Nguyen Thuy Mi, Melichova Daniela, Aabel Eivind W, Lie Øyvind H, Klæboe Lars Gunnar, Grenne Bjørnar, Sjøli Benthe, Brunvand Harald, Haugaa Kristina, Edvardsen Thor
Department of Cardiology, Hospital of Southern of Norway, 4604 Kristiansand, Norway.
ProCardio, Center for Innovation, Department of Cardiology, Oslo University Hospital, Rikshospitalet, 0424 Oslo, Norway.
J Clin Med. 2023 Oct 18;12(20):6598. doi: 10.3390/jcm12206598.
Our objective was to compare long-term outcomes in patients with non-ST-elevation myocardial infarction (NSTEMI) and ST-elevation myocardial infarction (STEMI) between two time periods in Southern Norway. There are limited contemporary data comparing long-term follow-up after revascularization in the last decades. This prospective follow-up study consecutively included both NSTEMI and STEMI patients during two time periods, 2014-2015 and 2004-2009. Patients were followed up for a period of 5 years. The primary outcome was all-cause mortality after 1 and 5 years. A total of 539 patients with acute myocardial infarction (AMI), 316 with NSTEMI (234 included in 2014 and 82 included in 2007) and 223 with STEMI (160 included in 2014 and 63 included in 2004). Mortality after NSTEMI was high and remained unchanged during the two time periods (mortality rate at 1 year: 3.5% versus 4.9%, = 0.50; and 5 years: 11.4% versus 14.6%, = 0.40).

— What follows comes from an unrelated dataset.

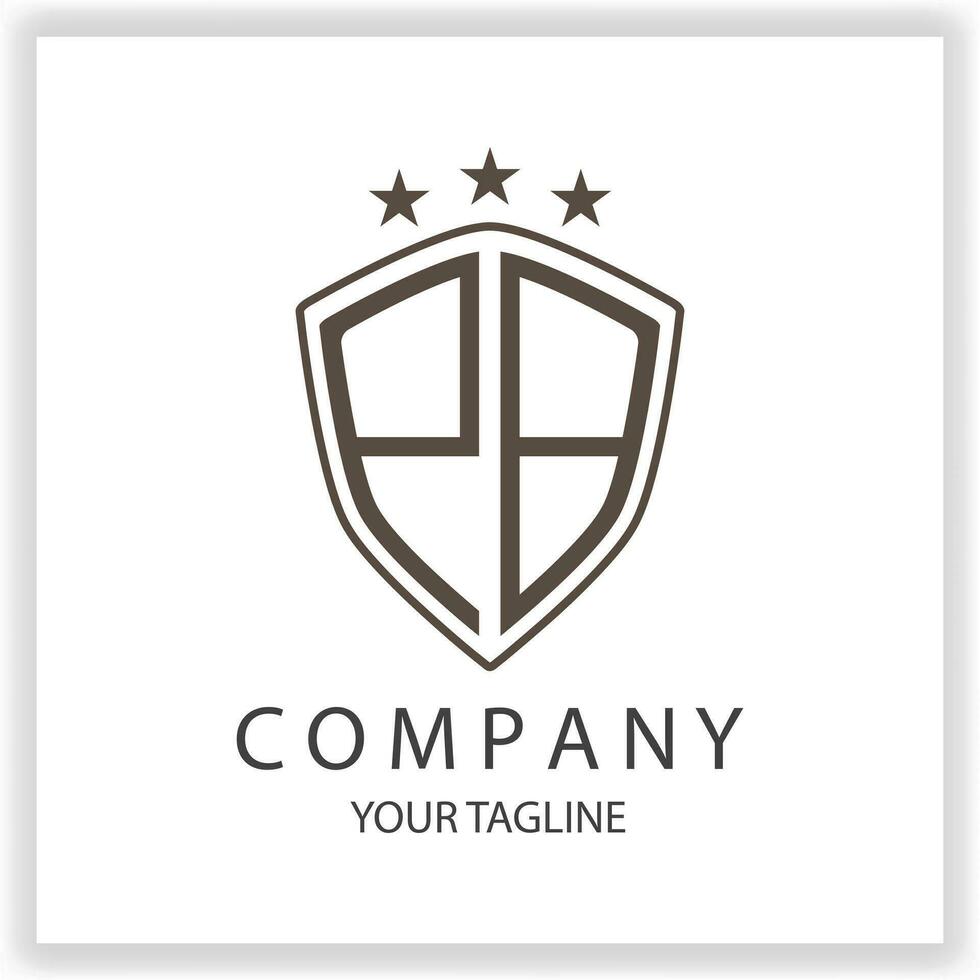 PB Logo monogram with shield shape isolated black colors on outline design template premium elegant template vector eps 10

Among STEMI patients, all-cause mortality at 1 year was reduced in 2014 compared to 2004 (1.3% versus 11.1%, < 0.001; and 5 years: 7.0% versus 22.2%, = 0.004, respectively). Time to coronary angiography in NSTEMI patients remained unchanged between 2014 and 2007 (28.2 h [IQR 18.1-46.3] versus 30.3 h [IQR 18.0-48.3], = 0.20), while time to coronary angiography in STEMI patients was improved in 2014 compared with 2004 (2.8 h [IQR 2.0-4.8] versus 21.7 h [IQR 5.4-27.1], < 0.001), respectively. During one decade of AMI treatment, mortality in patients with NSTEMI remained unchanged while mortality in STEMI patients decreased, both at 1 and 5 years.
我们的目标是比较挪威南部两个时间段内非ST段抬高型心肌梗死(NSTEMI)和ST段抬高型心肌梗死(STEMI)患者的长期预后。在过去几十年中,关于血运重建术后长期随访的当代数据有限。这项前瞻性随访研究在2014 - 2015年和2004 - 2009年这两个时间段连续纳入了NSTEMI和STEMI患者。对患者进行了为期5年的随访。主要结局是1年和5年后的全因死亡率。共有539例急性心肌梗死(AMI)患者,其中316例为NSTEMI(2014年纳入234例,2007年纳入82例),223例为STEMI(2014年纳入160例,2004年纳入63例)。NSTEMI患者的死亡率较高,且在两个时间段内保持不变(1年死亡率:3.5%对4.9%,P = 0.50;5年死亡率:11.4%对14.6%,P = 0.40)。在STEMI患者中,2014年与2004年相比,1年全因死亡率有所降低(1.3%对1月1.1%,P < 0.001;5年死亡率:7.0%对22.2%,P = 0.004)。2014年至2007年期间,NSTEMI患者进行冠状动脉造影的时间保持不变(28.2小时[四分位间距18.1 - 46.3]对30.3小时[四分位间距18.0 - 48.3],P = 0.20),而2014年与2004年相比,STEMI患者进行冠状动脉造影的时间有所改善(2.8小时[四分位间距2.0 - 4.8]对21.7小时[四分位间距5.4 - 27.1],P < 0.001)。在AMI治疗的十年间,NSTEMI患者的死亡率保持不变,而STEMI患者在1年和5年时的死亡率均有所下降。